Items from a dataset
* * * * * * *

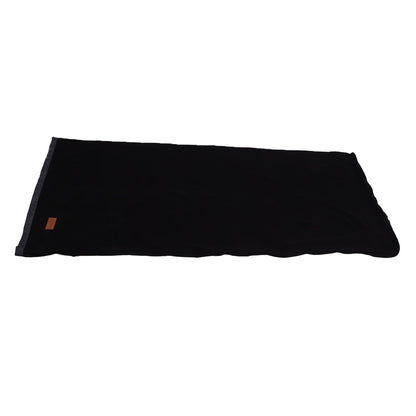 Sleeping Bag Liner Super Thick Fleece Soft Sleeping Bag Liner Blanket for Camping Travel Backpacking Black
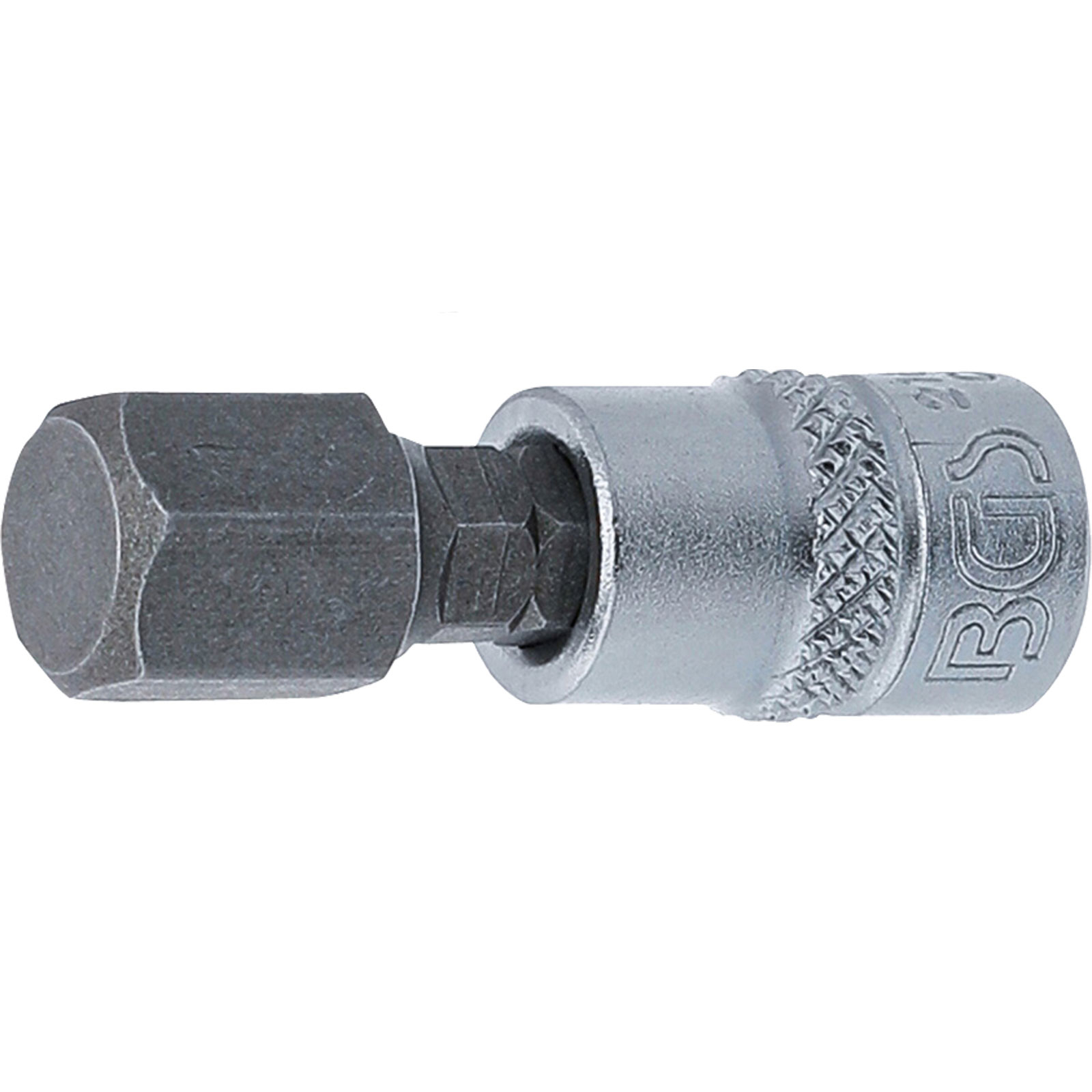 BGS Bit-Einsatz Antrieb Innenvierkant 6,3 mm (1/4") Innensechskant 10 mm - 2161-10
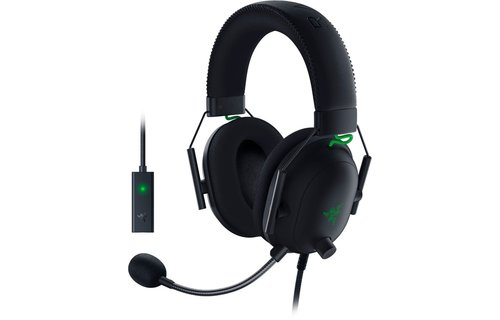 Razer BlackShark V2 Wired  3.5mm AND USB-A CONNECTION THX Spacial  Audio Gaming Headset for PC, PS4, PS5, Switch, Xbox One, Series X|S - Black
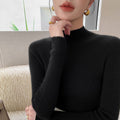 Eleganter Rollkragenpullover aus Wolle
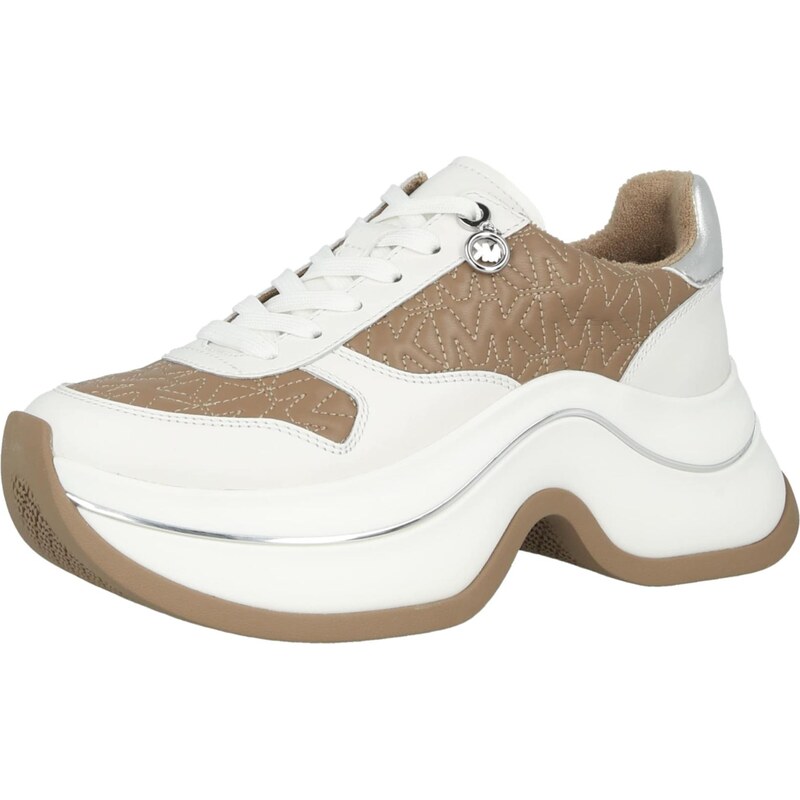 MICHAEL Michael Kors Nízke tenisky ARLA hnedá / strieborná / biela 67552534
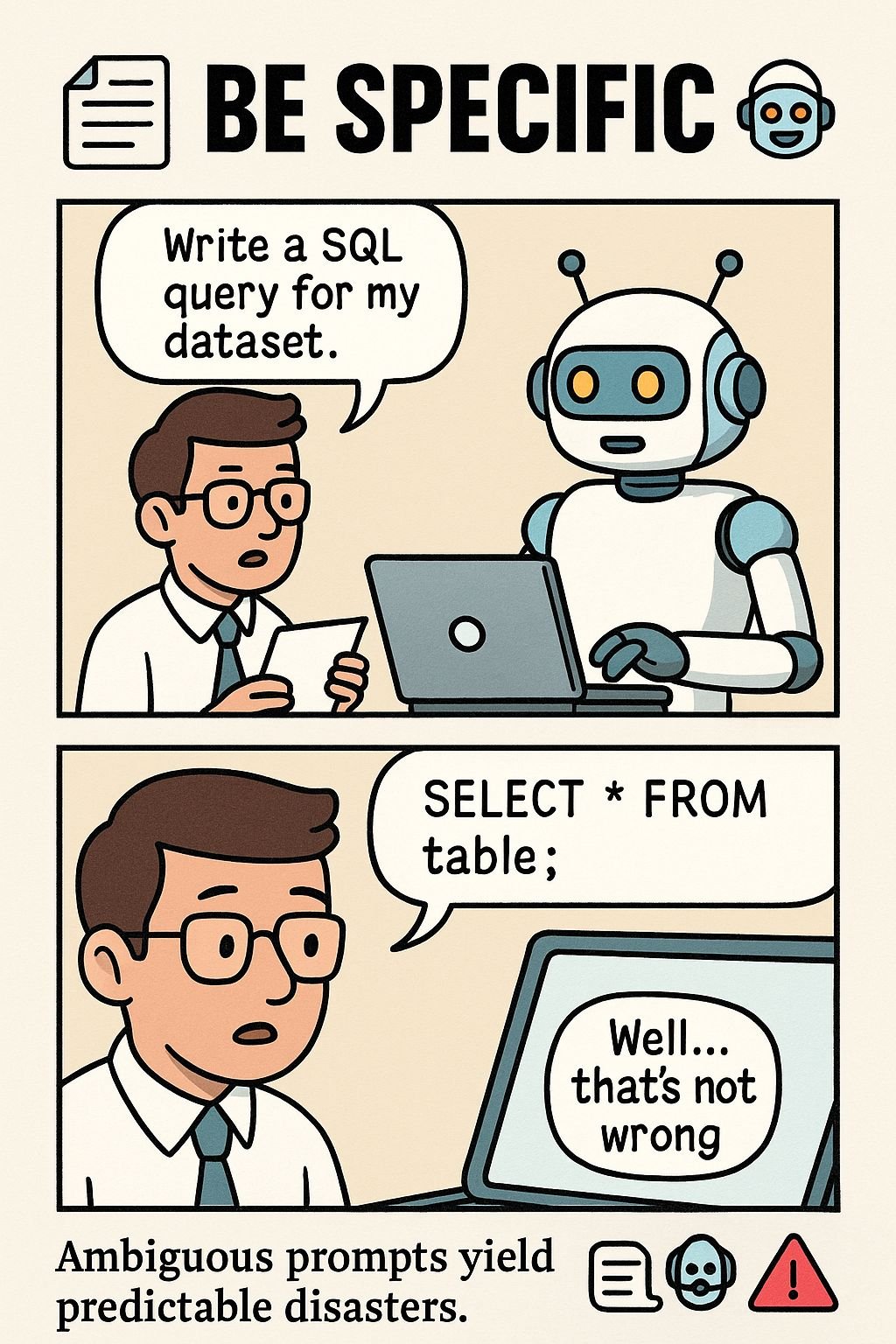 Be Specific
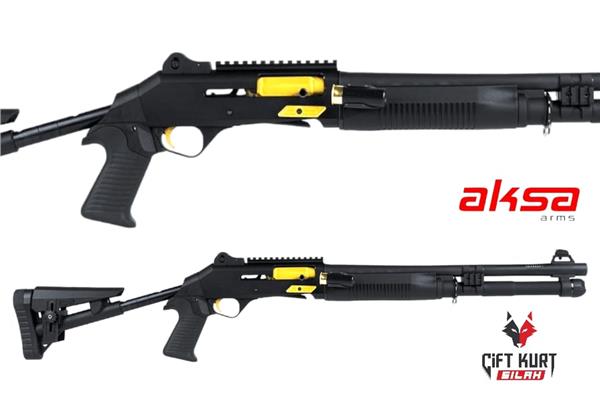 Aksa Crossfire Wi Extreme 12GA Polimer El Kundaklı (Siyah) Tüplü Yarı Otomatik Yivsiz Av Tüfeği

* * * * * * *

TASK ITEM
Transcribe the span of lines that runs from the line with "Be Specific" to the end of the data, both ends included, exactly, with nothing else and no pictures.

FINAL ANSWER
 Be Specific
 Aksa Crossfire Wi Extreme 12GA Polimer El Kundaklı (Siyah) Tüplü Yarı Otomatik Yivsiz Av Tüfeği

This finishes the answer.